Full article can be found at the journal website.

Geography colloquium series at SDSU

On 8th February, the BDEM coordinator Professor Rajendra Akerkar delivered a colloquium at the Department of Geography, San Diego State University, USA. The topic of this colloquium was “Managing Emergency Situations Using Big Data – A Perspective”. With the advent of Internet of things, social media, wearable devices, mobile phones, and planetary-scale sensing there is an ample opportunity to transform big geo-spatial data into actionable information. The talk focused on emergency management which is fundamentally a spatio-temporally distributed heterogeneous data assimilation problem for situation detection. Professor Akerkar illustrated examples from related projects in his research group and presented key challenges for managing big emergency data.

Photo credit: Tim Schempp

Photo credit: Tim Schempp

The colloquium attended by students, researchers and faculty members of the Department.

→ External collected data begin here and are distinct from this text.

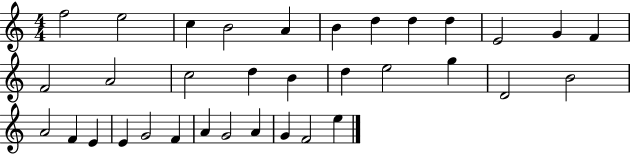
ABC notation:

X:1
T:Untitled
M:4/4
L:1/4
K:C
f2 e2 c B2 A B d d d E2 G F F2 A2 c2 d B d e2 g D2 B2 A2 F E E G2 F A G2 A G F2 e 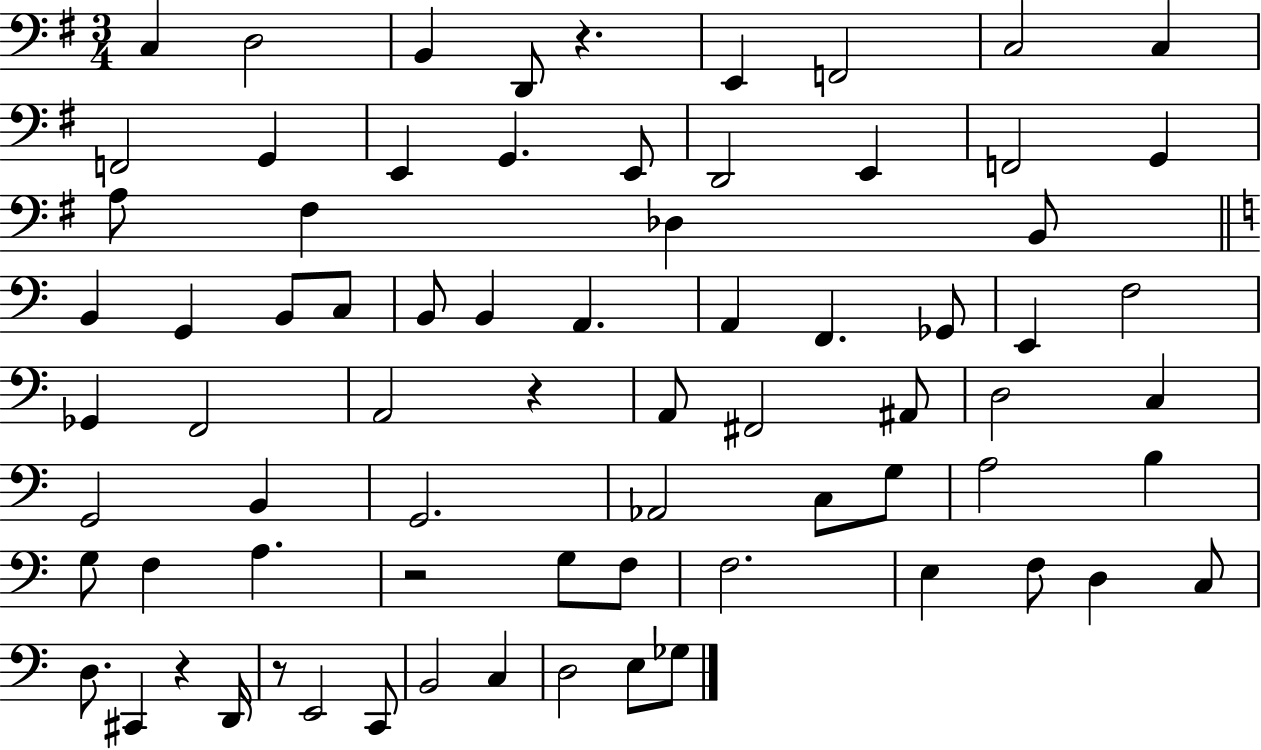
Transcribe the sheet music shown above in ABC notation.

X:1
T:Untitled
M:3/4
L:1/4
K:G
C, D,2 B,, D,,/2 z E,, F,,2 C,2 C, F,,2 G,, E,, G,, E,,/2 D,,2 E,, F,,2 G,, A,/2 ^F, _D, B,,/2 B,, G,, B,,/2 C,/2 B,,/2 B,, A,, A,, F,, _G,,/2 E,, F,2 _G,, F,,2 A,,2 z A,,/2 ^F,,2 ^A,,/2 D,2 C, G,,2 B,, G,,2 _A,,2 C,/2 G,/2 A,2 B, G,/2 F, A, z2 G,/2 F,/2 F,2 E, F,/2 D, C,/2 D,/2 ^C,, z D,,/4 z/2 E,,2 C,,/2 B,,2 C, D,2 E,/2 _G,/2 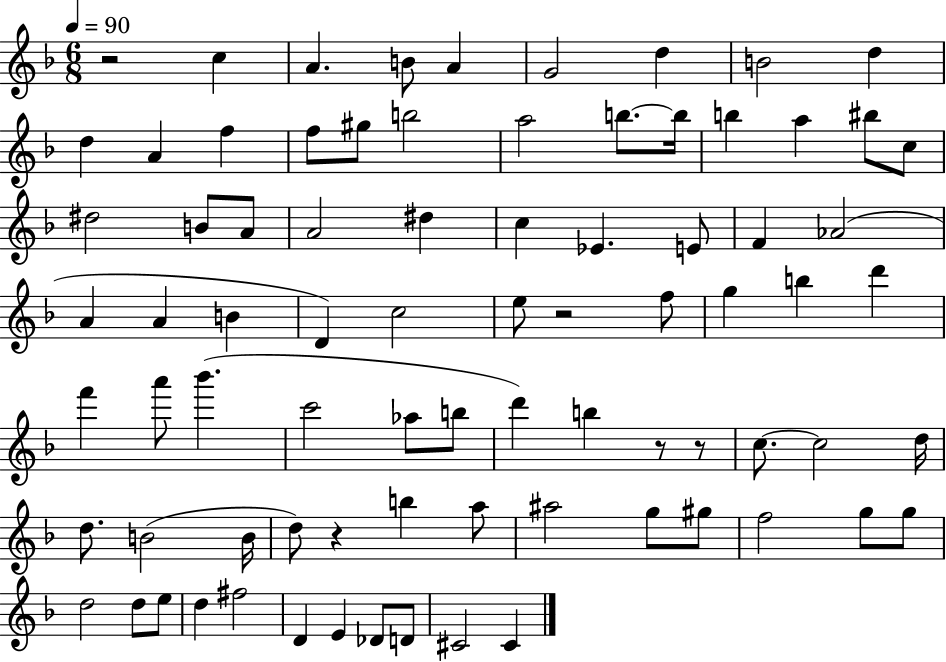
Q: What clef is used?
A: treble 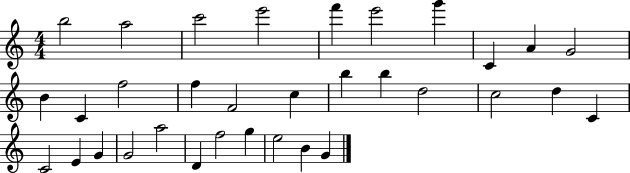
B5/h A5/h C6/h E6/h F6/q E6/h G6/q C4/q A4/q G4/h B4/q C4/q F5/h F5/q F4/h C5/q B5/q B5/q D5/h C5/h D5/q C4/q C4/h E4/q G4/q G4/h A5/h D4/q F5/h G5/q E5/h B4/q G4/q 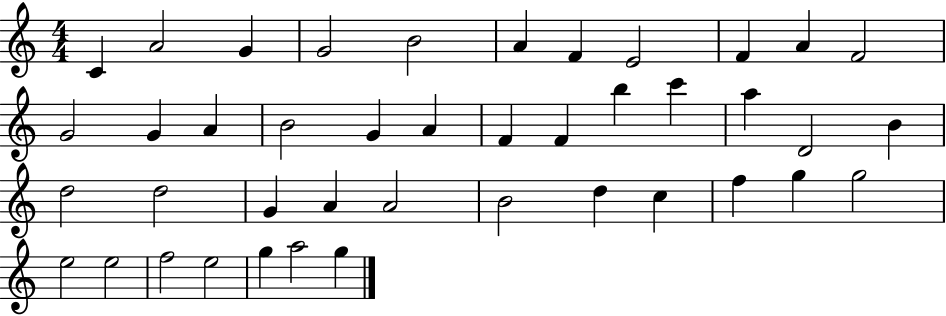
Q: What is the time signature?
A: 4/4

SDSU’s The Center for Information Convergence and Strategy (CICS) is one of the partners in BDEM project. The Center is active in diverse domains, such as disaster response, global security, threat reduction, business development, biomedicine, public health, and the digital humanities. It emphasizes data acquisition and analytics, social media solutions, strategic mapping, data mining, and systems integration and development. From visualization to machine learning and predictive analytics, CICS leverages information technology to evaluate current trends and develop strategies based on dynamically evolving content. 

The BDEM researchers at the ICT-DM2018 conference in Japan

Dr. Minsung Hong (Western Norway Research Institute) and Dr. Haoran Zhang (the University of Tokyo) participated in the 5th International Conference on Information and Communication Technologies for Disaster Management (ICT-DM 2018) in Sendai, Japan, in 4-7 December, 2018 to disseminate results of the BDEM project. They have presented one paper and poster at the conference.

An Integrated Crowdsourced Framework for Disaster Relief Distribution

Timothy Schempp, Haoran Zhang, Minsung Hong, Alexander Schmidt and Rajendra Akerkar

This paper outlines our ongoing efforts at building an effective disaster relief system utilizing real-time, crowdsourced responses to disaster events. This system integrates three components: social media analysis, rescue demand prediction, and relief distribution optimization. We introduce the conceptual disaster relief system, database structure, and its integrated components. Finally, a summarization of the current research challenges we expect to address in the future is provided.

Dr. Haoran Zhang (the University of Tokyo) presenting a paper at the ICT-DM2018.

Dr. Haoran Zhang (the University of Tokyo) presenting a paper at the ICT-DM2018.

Role of Semantics in Analysing and Processing of Big Emergency Data

Minsung Hong and Rajendra Akerkar

This poster paper outlines an ongoing research that aims to incorporate semantically enabled Big Data processing for emergency response . The ultimate aim is to create an integrated platform to support prediction, early alerts, transmission and routing of the emergency data, aggregated analysis of multimodal data and coordination between emergency stakeholders (e.g. first responders, the authorities, volunteers). The modelling and computing challenges associated with such platform can be organised in terms of the 5 Vs of Big Data, which provides a means to organise our research efforts in addressing Big Data challenges using semantics.

The conference also provided the opportunity to discuss upcoming research themes in data-driven emergency management with the BDEM project members in Japan, in particular, Professor Ji (National Institute of Informatics, Japan) and with other prominent international researchers who attended the conference.